L.A. Recalculated at the Chicago Architecture Biennial
Biennial Hub, the Chicago Cultural Center
With Geoff Manaugh
Los Angeles is a city where natural history, aerospace research, astronomical observation, and the planetary sciences hold outsized urban influence. From the risk of catastrophic earthquakes to the region’s still- operational oil fields, from its long history of military aviation to its complex relationship with migratory wildlife, Los Angeles is not just a twenty- first- century megacity. Its ecological fragility combined with a dangerous lack of terrestrial stability mean that Los Angeles requires continual monitoring and study: from its buried creeks to its mountain summits, the city has been ornamented with scientific equipment, crowned with electromagnetic antennae, and ringed with seismic stations, transforming into an urban- scale research facility, a living device inhabited by millions of people on the continent’s westernmost edge. The cartographic drawing — part map, part plan, part deep section — takes conceptual inspiration from the book OneFiveFour by Lebbeus Woods. There, Woods describes a hypothetical city shaped by the existential threat of mysterious seismic events surging through the ground below it. In order to understand how this unstable ground might undermine the metropolis, the city has augmented itself on nearly every surface, Woods writes, with “oscilloscopes, refractors, seismometers, interferometers, and other, as yet unknown instruments, measuring light, movement, force, change.” In this city of instruments — this city as instrument—“tools for extending perceptivity to all scales of nature are built spontaneously, playfully, experimentally, continuously modified in home laboratories, in laboratories that are homes,” exploring the moving surface of an Earth in flux. Architecture becomes a means for giving shape to these existential investigations.

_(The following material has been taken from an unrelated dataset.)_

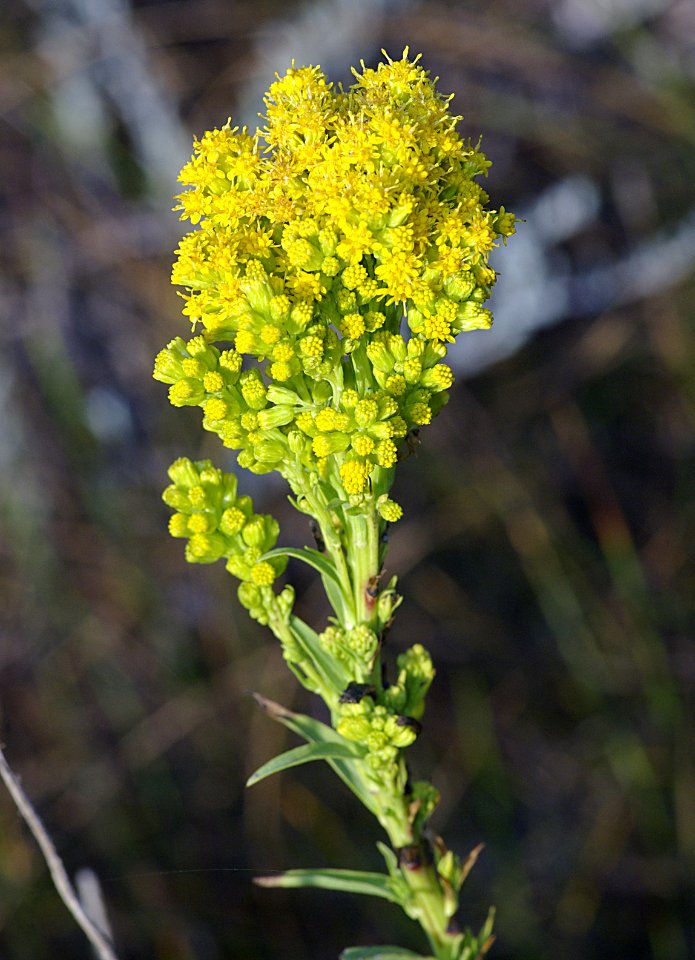 GOLDENROD, SOUTHERN (solidago confinus) (8-17-07) oso flaco
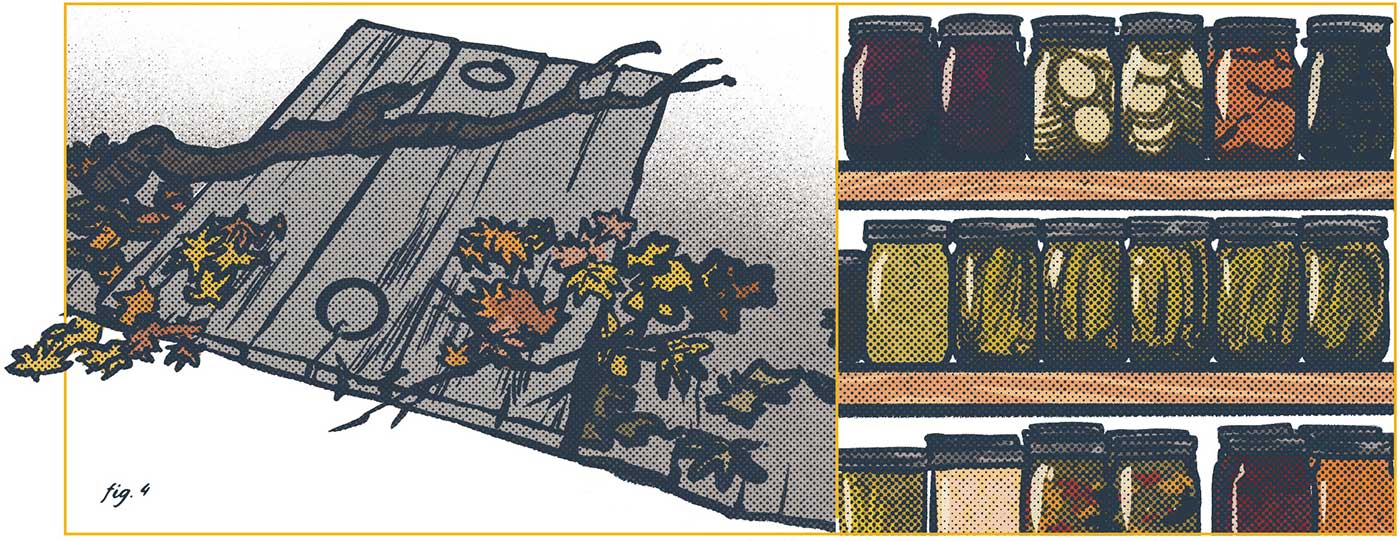 Illustration by Brittany Norris of a cellar door covered by leaves and shelves of glass jars full of canned items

Twenty- first- century Los Angeles has inadvertently fulfilled Woods’s speculative vision. It is less a city, in some ways, than it is a matrix of seismic equipment and geological survey tools used for locating, mapping, and mitigating the effects of tectonic faults. This permanent flux and lack of anchorage makes Los Angeles bathymetric, rather than terrestrial. The city is also a graveyard of remnant physics experiments that once measured and established the speed of light, using prisms, mirrors, and interferometers in the San Gabriel Mountains (an experiment now marked by historic plaques and Piranesian obelisks). Los Angeles is also the host of the Griffith and Mt. Wilson Observatories, through which the city achieved its often overlooked but vital role in the history of global astronomy. Finally, the city incorporates a carefully studied nest of wildlife traps and ecological monitoring stations designed to track species other than human as they infiltrate, settle, and partially colonize the built environment. Seen through the lens of this expanded context, Los Angeles becomes an archipelago of scientific instruments often realized at the scale of urban infrastructure: densely inhabited, with one eye on the stars, sliding out of alignment with itself, and jostled from below with seismic tides.